こうした時代にあって、「VOL」2号の特集「ベーシック・インカム――ポスト福祉国家における労働と保障」は、ありきたりの格差社会の批判とはまったく異なり、平等が善であることをまったく自明のものとして、あくまで平等な社会を達成する具体的方法論を提案していることに特徴がある。つまり、格差を認めたうえで現状を批判するのではなく、最初から格差の存在を認めないのである。それどころか、平等を達成するための具体的な政策の提言さえも試みている。読者は、このようなストレートな主張に戸惑いを覚えたり、一種のアナクロニズムを感じるかもしれない。しかし、世界を見渡してみれば、ここで述べられている多くの主張はそれほど非現実的な主張でもないし、時代錯誤でもない。

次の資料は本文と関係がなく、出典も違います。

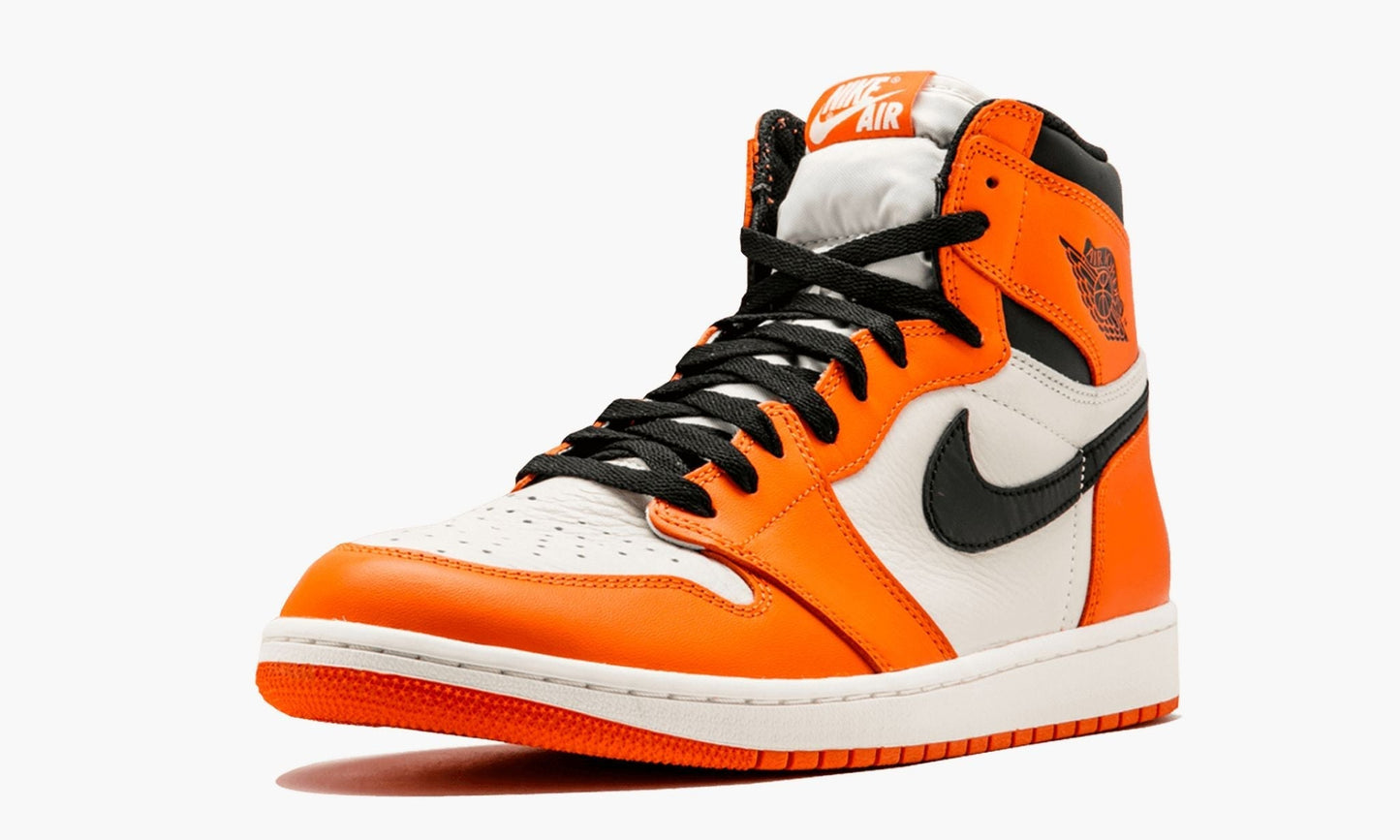 Air Jordan 1 Retro High OG Reverse Shattered Backboard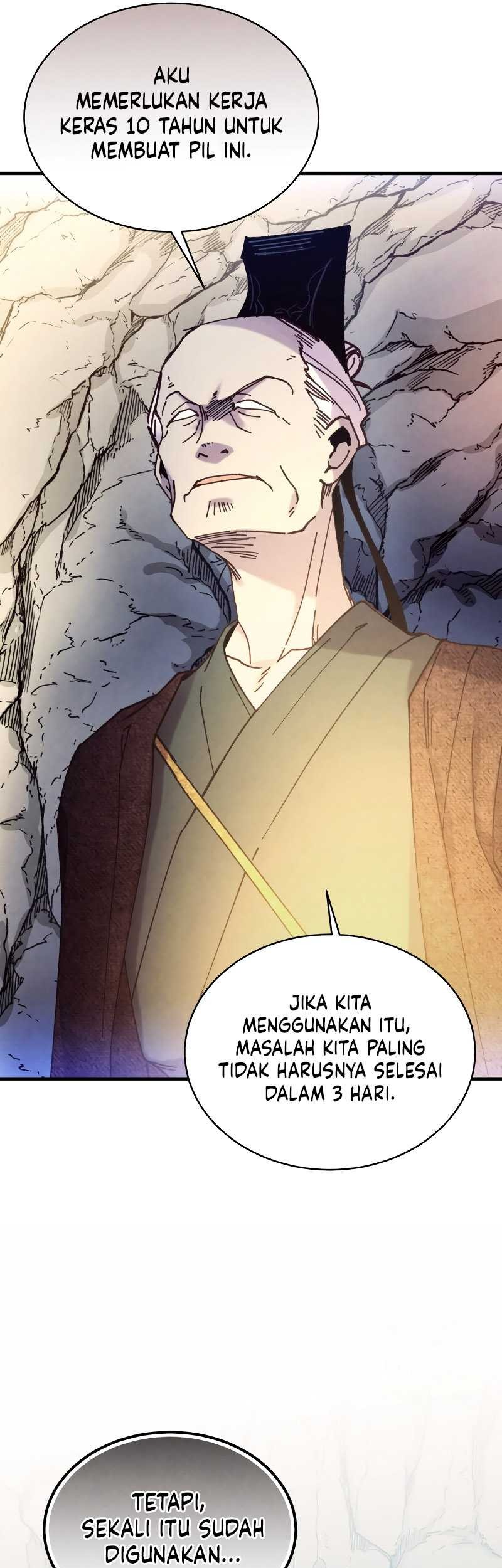 lightning expert Chapter 173 Gambar 32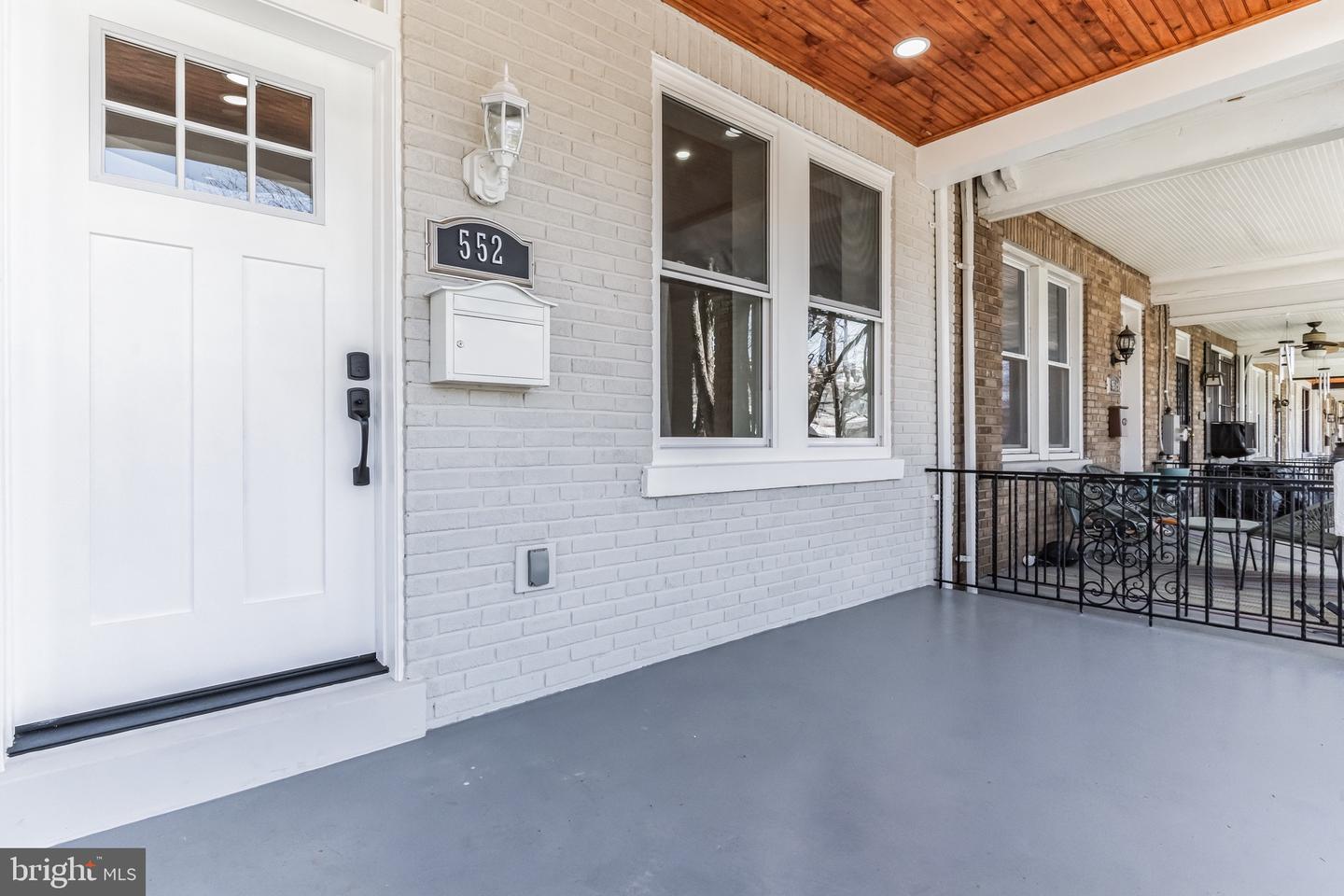 Photo 2 of 26 of 5521 4th St NW townhome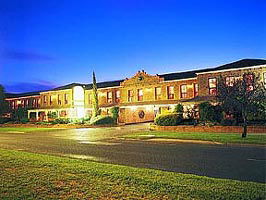 Piangil VIC Kempsey Accommodation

ベーシック・インカムとは、「すべての人が、その生を営むに必要な金銭を無条件で保障されることへの要求」である。そして「人は生存というただ一つの根拠をもとにしてベーシック・インカムを要求」することが認められるべきであり、働いていても働いていなくても人々には生活に必要な金額が与えられるべきだ、という主張である。このような主張は、一見するときわめて非現実的なもの、あるいは反道徳的なものに映る。というのも、われわれは「働かざるもの食うべからず」という言葉を当然のこととして受け入れているからである。しかし、それは本当に当然のことなのだろうか?
現在でさえ、賃金とは自分がおこなった労働の量(時間)や自分にそなわる技能にたいする経済的評価であると多くの人々は信じ込んでいる。そして労働運動は、自分の労働の価値にみあった賃金を要求しつづけている。